Il futuro dell’auto non è mai stato così travagliato come negli ultimi anni; elettrico, ibrido, biocarburanti, idrogeno. Qual è la direzione giusta da prendere? Servirebbe la sfera di cristallo per dare una risposta a questa domanda, tra un Elon Musk che promuove l’energia solare come soluzione di tutti i mali e dall’altra un John Elkann che apre al ritorno del nucleare su larga scala.
Poi, più in basso, troviamo da una parte i sostenitori del motore a combustione che prefigurano un futuro in cui elettroni e carburante conviveranno senza cannibalizzarsi. D’altra parte i puristi dell’elettrico sostengono senza mezzi termini le vetture elettriche, quelle che non inquinano ma se vai a vedere bene in tutto il loro ciclo di vita inquinano eccome. Entrambe le fazioni escludono i vantaggi di una e amplificano gli svantaggi dell’altra.
Toyota potrebbe aver escogitato una terza via: idrogeno a combustione. Forbes ha riportato l’indiscrezione aggiungendo che la tecnologia sarà implementata sulla nuova generazione di Prius, che dovrebbe arrivare alla fine del 2022, mentre il modello a idrogeno arriverebbe non prima del 2023. Il powertrain sarebbe costituito da una “sinergia ibrida tra motori elettrici e un termico a idrogeno“.
La commercializzazione potrebbe non essere così dietro l’angolo, tuttavia la casa delle Tre ellissi ha già mostrato un prototipo che ha gareggiato alla endurance da 24h del campionato Super Taikyu.
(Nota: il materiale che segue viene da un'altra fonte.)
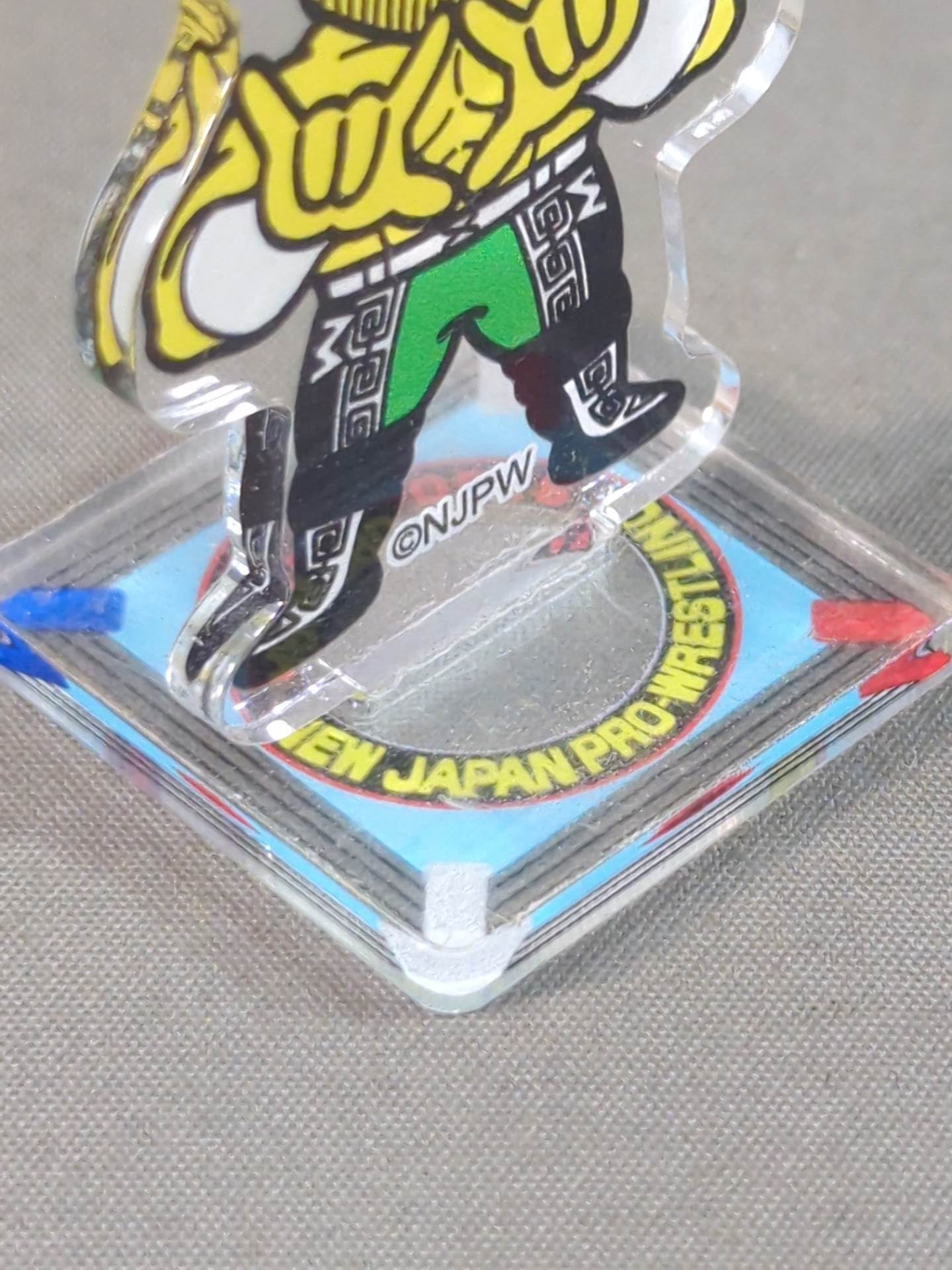 Will Ospreay New Japan Pro Wrestling COLLECTION Acrylic Stand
In quel caso la vettura era la Corolla di ultima generazione con il 1,6 litri della GR Yaris, appositamente modificato per funzionare a idrogeno. Durante la gara la Corolla laboratorio si è dovuta fermare ai box alcune volte, ma è riuscita ad arrivare a fine gara senza problemi.
A dirla tutta Toyota potrebbe non essere l’unico produttore a lavorare su questa soluzione. Questa estate è emersa una indiscrezione che lasciava intendere come Mazda sarebbe in procinto di resuscitare il Wankel proprio alimentandolo a idrogeno.
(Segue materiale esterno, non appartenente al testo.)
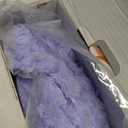 REVIX Microwave Heating Pad for Neck and Shoulders Back, Microwavable Heated Neck Wrap Warmer with Moist Heat, Lavender Aromatherapy Hot and Cold Pack (Purple)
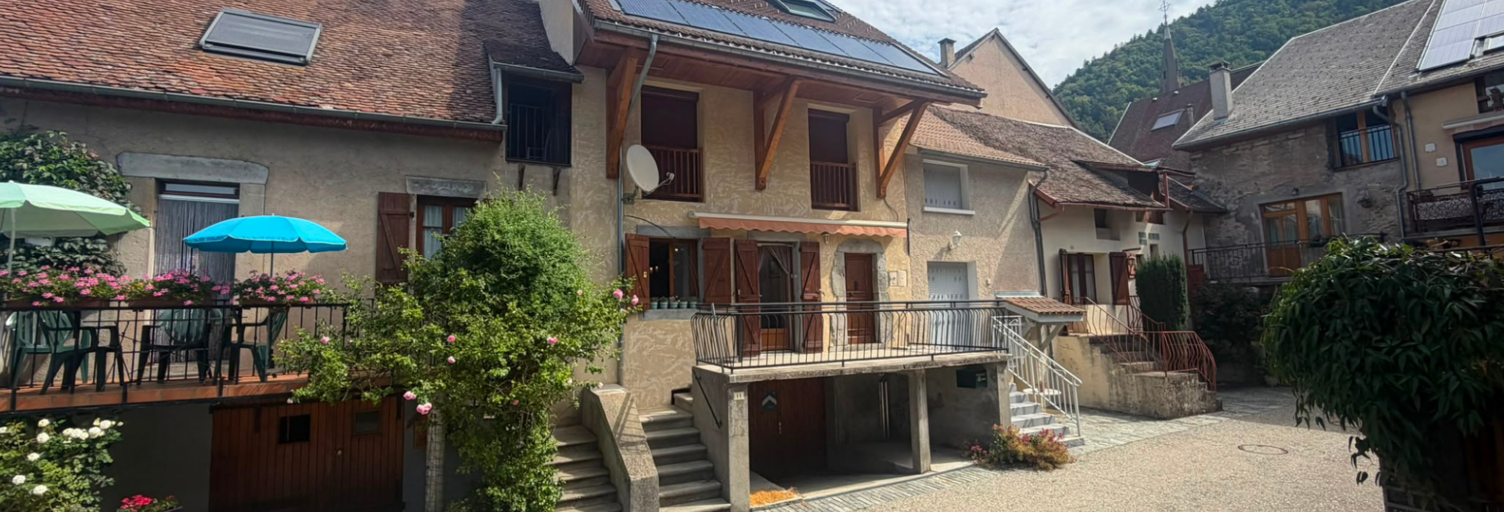 Maison 4 Pièces 110 m² à vendre à Corps (38970)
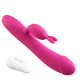 Lunfun L18 クリバイブ レッド  クリ責め 遠隔操作  膣内責め アダルトグッズ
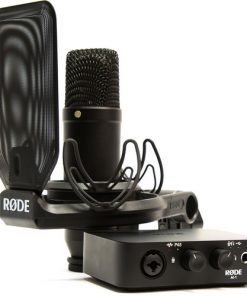 Rode NT1 + AI-1 INTERFACE BUNDLE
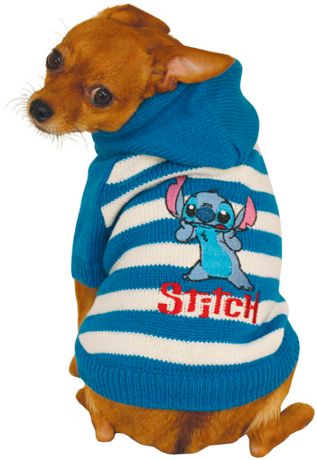 Triol свитер для собак Stitch (s)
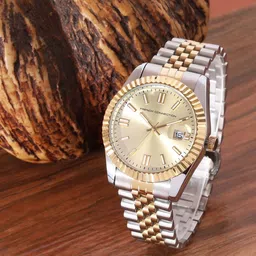 French Connection Men Dial & Stainless Steel Bracelet Style Straps Analogue Watch FCP41TM-image-92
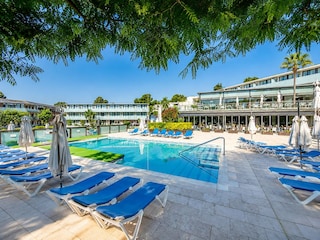 Apartment Platja d'Aro Außenaufnahme 11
La notizia apre una prospettiva decisamente interessante tuttavia anch’essa non priva di complicazioni. L’idrogeno è l’elemento più diffuso dell’universo, bruciarlo in un motore o impiegarlo per produrre energia elettrica non dovrebbe in linea teorica preoccupare. Tuttavia nell’atmosfera terrestre l’idrogeno e praticamente inesistente, come sulla superficie e nel sottosuolo. Giove e Saturno sono composti da circa l’80% di idrogeno, il sole dal 90%, ma andarlo a prendere lì non sembra particolarmente fattibile né oggi né mai. l’idrogeno viene dunque prodotto.
L’idrogeno “nero” viene estratto dall’acqua usando la corrente prodotta da una centrale elettrica a carbone o a petrolio, perciò il problema delle emissioni viene solo delocalizzato. Leggermente più sostenibile è il “grigio”, ad oggi più del 90% dell’idrogeno prodotto è uno scarto industriale oppure è estratto dal metano. Il passo successivo è l’idrogeno “blu”, l’estrazione è similare a quella del “grigio”, ma l’anidrite carbonica viene catturata senza essere rilasciata in atmosfera.
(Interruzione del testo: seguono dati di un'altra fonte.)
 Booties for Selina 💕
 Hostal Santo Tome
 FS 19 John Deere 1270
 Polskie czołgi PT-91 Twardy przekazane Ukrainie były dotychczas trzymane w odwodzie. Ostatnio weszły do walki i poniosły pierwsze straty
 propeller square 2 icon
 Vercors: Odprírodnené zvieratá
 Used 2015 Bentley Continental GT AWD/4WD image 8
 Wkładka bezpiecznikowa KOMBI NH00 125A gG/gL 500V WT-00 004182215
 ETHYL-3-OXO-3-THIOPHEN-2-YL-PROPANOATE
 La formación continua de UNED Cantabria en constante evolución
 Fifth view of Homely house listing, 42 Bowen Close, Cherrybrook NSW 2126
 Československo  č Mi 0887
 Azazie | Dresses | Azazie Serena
L’idrogeno “viola” impiega come fonte di energia primaria una centrale nucleare, prima di emissioni di C02, ma evidentemente non a impatto zero. L’idrogeno più verde è proprio quello chiamato “verde”, è prodotto a partire dall’acqua usando l’energia derivante da fonti rinnovabili, dall’eolico al solare all’idroelettrico. Dunque la vera sfida dell’idrogeno, che compone per più del 70% la materia che conosciamo, non è impiegarlo e distribuirlo, ma produrlo a impatto zero e a costi sostenibili.